■ **PROBLEM DETAILS**: Output only the lines of the entries that follow, starting at the one with "CONJUNTO CLOUDE CLEO LISTRA" and running down to the one with "Sebrae reúne mais", both included and unchanged.

■ **SOURCE RECORDS**:
━━━━━━
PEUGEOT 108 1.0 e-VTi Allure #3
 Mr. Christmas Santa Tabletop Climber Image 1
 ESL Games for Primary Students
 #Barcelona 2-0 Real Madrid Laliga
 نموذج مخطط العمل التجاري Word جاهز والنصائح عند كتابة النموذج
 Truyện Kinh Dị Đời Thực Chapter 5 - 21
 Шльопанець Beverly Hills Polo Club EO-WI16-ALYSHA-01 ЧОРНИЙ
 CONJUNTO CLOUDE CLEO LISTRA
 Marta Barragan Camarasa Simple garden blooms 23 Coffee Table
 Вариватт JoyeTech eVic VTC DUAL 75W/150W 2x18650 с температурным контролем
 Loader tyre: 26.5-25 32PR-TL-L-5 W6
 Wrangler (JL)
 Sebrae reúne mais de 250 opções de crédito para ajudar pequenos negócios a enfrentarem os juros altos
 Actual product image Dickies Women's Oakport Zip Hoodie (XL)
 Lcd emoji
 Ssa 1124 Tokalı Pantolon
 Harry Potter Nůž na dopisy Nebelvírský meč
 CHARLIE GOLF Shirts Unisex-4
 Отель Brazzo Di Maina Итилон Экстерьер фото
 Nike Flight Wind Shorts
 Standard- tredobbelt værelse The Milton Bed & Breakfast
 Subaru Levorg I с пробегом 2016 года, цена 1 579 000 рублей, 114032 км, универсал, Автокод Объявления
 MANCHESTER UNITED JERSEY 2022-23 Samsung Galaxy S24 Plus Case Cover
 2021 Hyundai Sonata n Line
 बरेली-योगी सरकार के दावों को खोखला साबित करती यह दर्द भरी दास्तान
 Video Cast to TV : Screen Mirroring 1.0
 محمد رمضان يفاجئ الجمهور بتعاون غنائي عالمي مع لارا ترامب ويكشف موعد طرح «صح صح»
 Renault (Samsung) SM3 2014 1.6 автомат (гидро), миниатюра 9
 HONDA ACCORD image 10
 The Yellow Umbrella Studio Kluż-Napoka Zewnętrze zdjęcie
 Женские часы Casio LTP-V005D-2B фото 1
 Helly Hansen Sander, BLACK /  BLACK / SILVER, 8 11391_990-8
━━━━━━
■ **TASK OUTPUT**:
 CONJUNTO CLOUDE CLEO LISTRA
 Marta Barragan Camarasa Simple garden blooms 23 Coffee Table
 Вариватт JoyeTech eVic VTC DUAL 75W/150W 2x18650 с температурным контролем
 Loader tyre: 26.5-25 32PR-TL-L-5 W6
 Wrangler (JL)
 Sebrae reúne mais de 250 opções de crédito para ajudar pequenos negócios a enfrentarem os juros altos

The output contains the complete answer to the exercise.